Note: This glossary includes some detail intended mainly for MLJ developers.

Basics

hyper-parameters

Parameters on which some learning algorithm depends, specified before the algorithm is applied, and where learning is interpreted in the broadest sense. For example, PCA feature reduction is a "preprocessing" transformation "learning" a projection from training data, governed by a dimension hyperparameter. Hyper-Parameters in our sense may specify configuration (eg, number of parallel processes) even when this does not effect the end-product of learning. (But we exclude verbosity level.)

model (object of abstract type Model)

Object collecting together hyperameters of a single algorithm. Models are classified either as supervised or unsupervised models (eg, "transformers"), with corresponding subtypes Supervised <: Model and Unsupervised <: Model.

fit-result (type generally defined outside of MLJ)

Also known as "learned" or "fitted" parameters, these are "weights", "coefficients", or similar paramaters learned by an algorithm, after adopting the prescribed hyper-parameters. For example, decision trees of a random forest, the coefficients and intercept of a linear model, or the rotation and projection matrices of PCA reduction scheme.

operation

Data-manipulating operations (methods) parameterized by some fit-result. For supervised learners, the predict, predict_mean, predict_median, or predict_mode methods; for transformers, the transform or inverse_transform method. An operation may also refer to an ordinary data-manipulating method that does not depend on a fit-result (e.g., a broadcasted logarithm) which is then called static operation for clarity. An operation that is not static is dynamic.

machine (object of type Machine)

An object consisting of:

(1) A model

(2) A fit-result (undefined until training)

(3) Training arguments (one for each data argument of the model's associated fit method). A training argument is data used for training (subsampled by specifying rows=... in fit!) but also in evaluation (subsampled by specifying rows=... in predict, predict_mean, etc). Generally, there are two training arguments for supervised models, and just one for unsuperivsed models. Each argument is either a Source node, wrapping concrete data supplied to the machine constructor, or a Node, in the case of a learning network (see below).

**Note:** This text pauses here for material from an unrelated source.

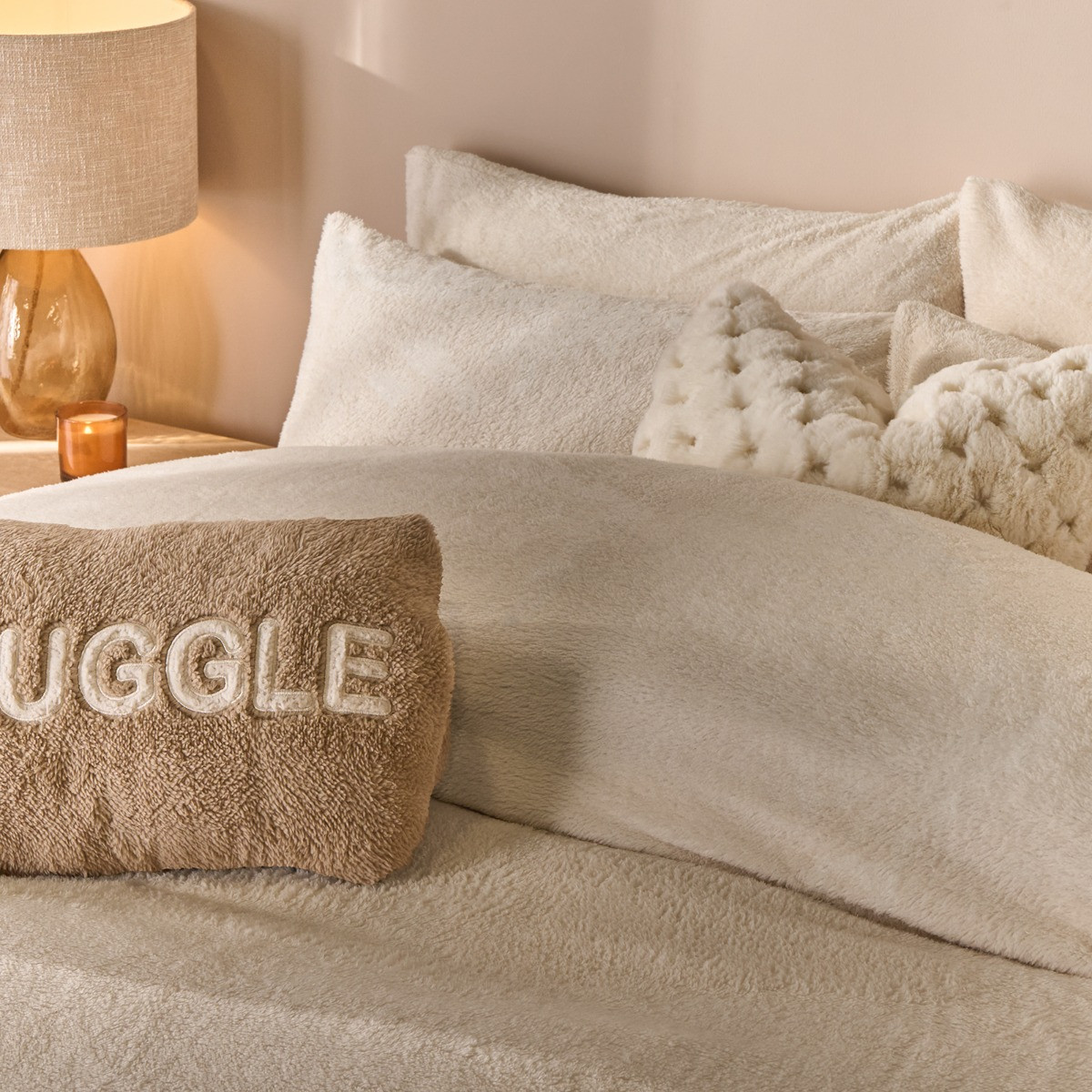 OHS Teddy Fleece Duvet Cover Set, Cream - King>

Both kinds of nodes can be called with an optional rows=... keyword argument to (lazily) return concrete data.

In addition, machines store "report" metadata, for recording algorithm-specific statistics of training (eg, internal estimate of generalization error, feature importances); and they cache information allowing the fit-result to be updated without repeating unnecessary information.

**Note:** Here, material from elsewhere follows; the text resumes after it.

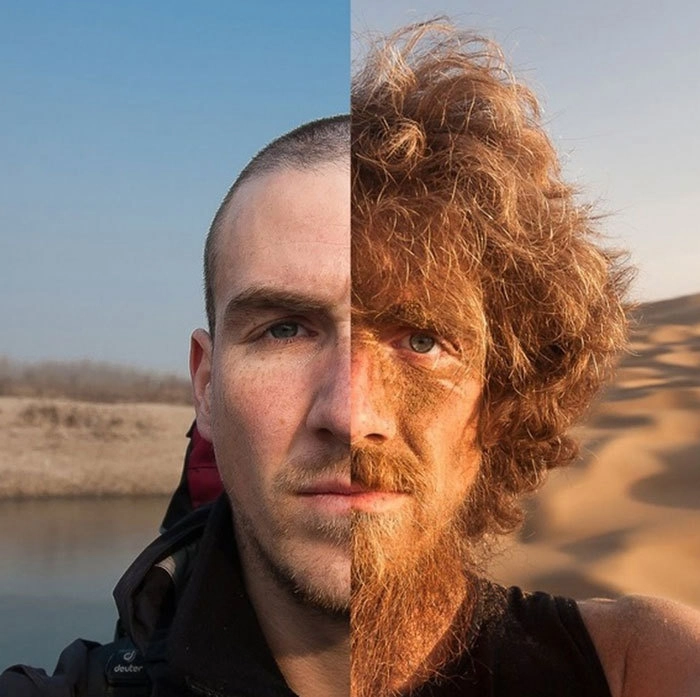 Фото до и после человека, который целый год путешествовал по Китаю.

Machines are trained by calls to a fit! method which may be passed an optional argument specifying the rows of data to be used in training.

For more, see the Machines section.

Learning Networks and Composite Models

Note: Multiple machines in a learning network may share the same model, and multiple learning nodes may share the same machine.

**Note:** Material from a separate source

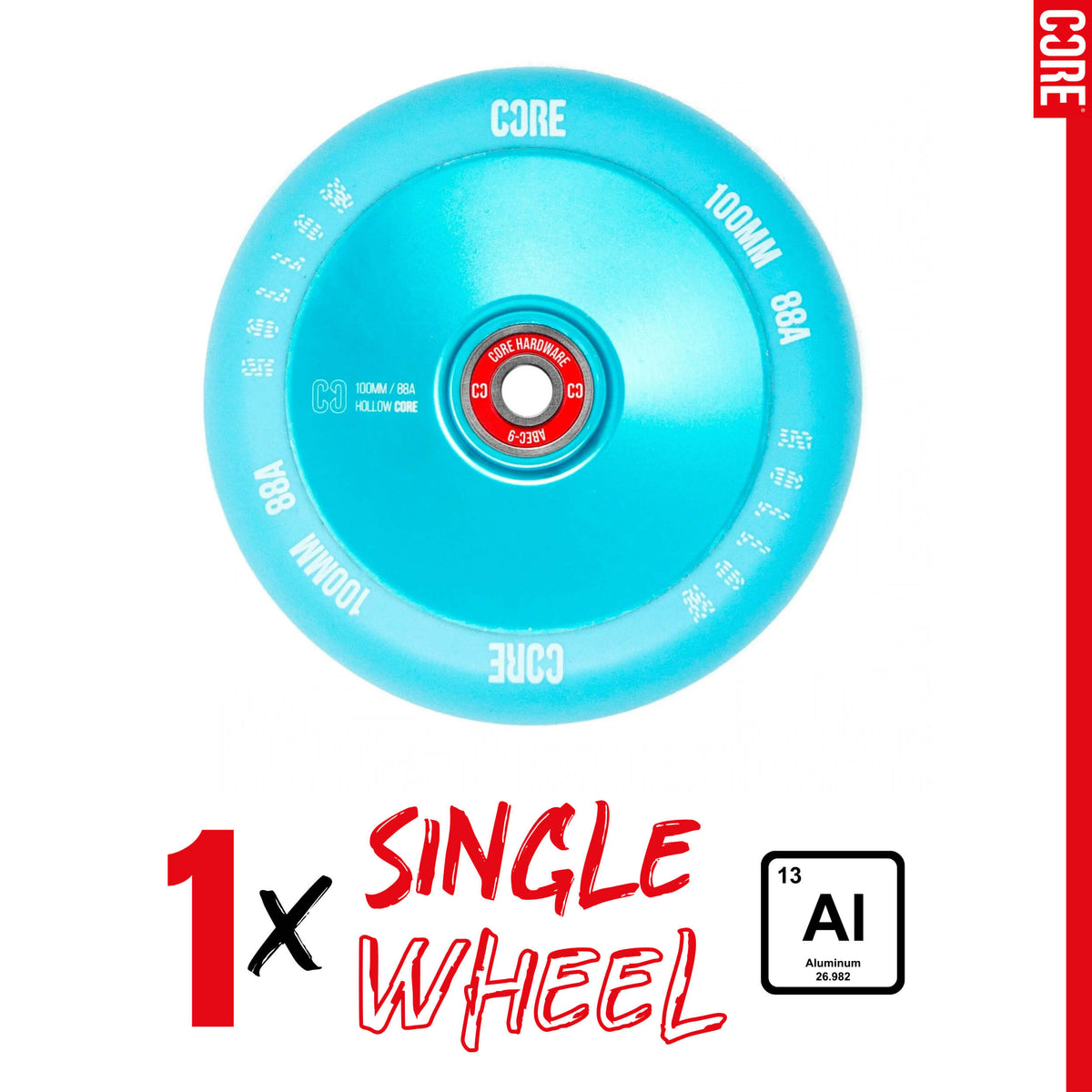 CORE Hollow Stunt Scooter Wheel 100mm - Mint Blue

source node (object of type Source)

A container for training data and point of entry for new data in a learning network (see below).

node (object of type Node)

Essentially a machine (whose arguments are possibly other nodes) wrapped in an associated operation (e.g., predict or inverse_transform). It consists primarily of:

  1. An operation, static or dynamic.
  2. A machine, or nothing if the operation is static.
  3. Upstream connections to other nodes, specified by a list of arguments (one for each argument of the operation). These are the arguments on which the operation "acts" when the node N is called, as in N().

learning network

An acyclic directed graph implicit in the connections of a collection of source(s) and nodes.

wrapper

Any model with one or more other models as hyper-parameters.

composite model

Any wrapper, or any learning network, "exported" as a model (see Composing Models).